Judson Hill (born December 17, 1959) is an American politician. He is a former member of the Georgia State Senate from the 32nd district, elected in 2004 and re-elected six times, serving from 2005 until 2017. He is a member of the Republican Party.

On November 30, 2016, Hill announced that he would run for the United States House of Representatives in Georgia's 6th congressional district special election, 2017, to succeed Tom Price. Hill resigned from the Georgia Senate upon qualifying on February 13, for the special election held on April 18, 2017.

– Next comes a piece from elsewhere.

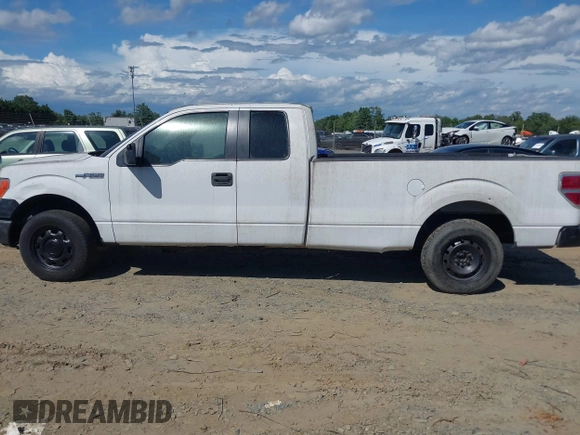 2013 Ford F-150 XL with VIN 1FTFX1CFXDKE21083, listed as a IAAI auction lot 42548084 with Not provided miles and . Bid and sale history available at DreamBid. Image 13.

In the Georgia Senate Senator Hill served as Chairman of the Senate Finance Committee, Vice Chairman of the Senate Republican Caucus and Deputy Senate Majority Whip. He gained a reputation as a hard working conservative leader committed to understanding the issues and voting true to his district. In 2014, Senator Hill was named “Legislator of the Year” by James magazine as well as national “Legislator of the Year” for the American Legislative Exchange Council in 2015. He was a recognized national leader of conservative tax reform and free market healthcare solutions. Senator Hill served in the Reagan Administration as an Assistant United States Attorney for the Northern District of Georgia, and also in Washington, D.C. as an appointee at the United States Department of State. Prior to that, Senator Hill worked for President Reagan on the White House Advance Team and on the Reagan-Bush ’84 campaign.